The Houses October Built

At some point, the stereotypical response to horror movie plots of ‘why don’t these people just turn around and leave?’ becomes more and more logical.

And it becomes harder and harder to take a movie seriously, especially when ‘you know what, this isn’t frakking worth it or enjoyable anymore’ becomes so much more intelligent and, well, safe, than continuing forward does. It’s sort of like the people who ignore all the posted warning signs and then want sympathy for their injuries.

Sorry guys, but no.

That’s my main issue with this film. I can handle found footage, though I am beginning to mentally deduct points for the subgenre; I admit that’s my bias but I find that a lot of movies use it as a short cut to actually, you know, working on character development and plot.

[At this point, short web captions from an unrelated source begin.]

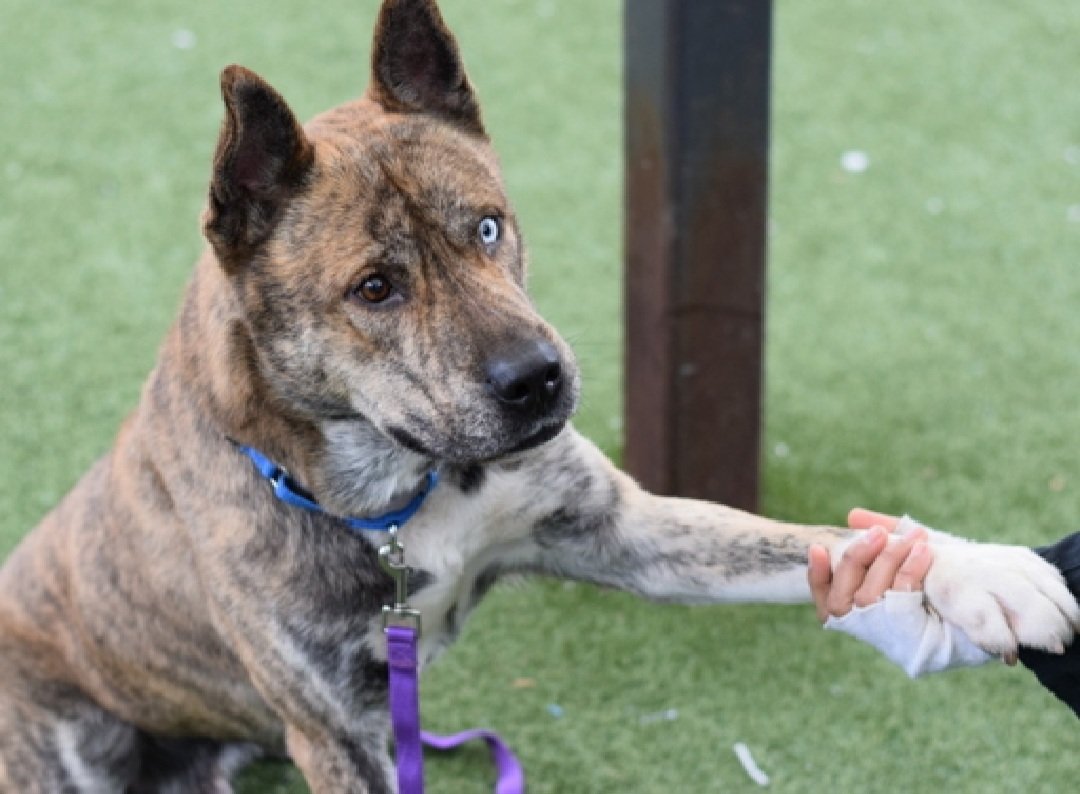MorgFairsdogs's tweet image. Ike 243906
Relisted TBK 1/22
#NYCACC #RescueOnly 
He is a cute brindle 2 yr old
Has CIRDC 🚑
Has nip incident that did not break skin when owner took blanket
Help save Ike!
nycacc.app/browse/243906
#Pledge4Rescue #foster #adopt 
#DogsofX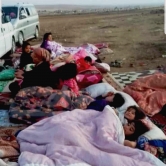 People Fleeing Kobanî during Turkish Invasion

What I can’t handle is the fact that there are piles and piles of points where the whole thing could have been avoided with just a hey, you know what, this is getting a little too real and we should probably leave before we find ourselves in the ultimate torture pron film.

But of course they don’t.

The Houses October Built centers on a group of friends chasing after the ultimate scare house-the house that is literally so scary it has to travel to avoid being shut down, often by force. They hop in their RV and start traveling around America, chasing a scare attraction that frankly may not even exist. They might be chasing after an urban legend.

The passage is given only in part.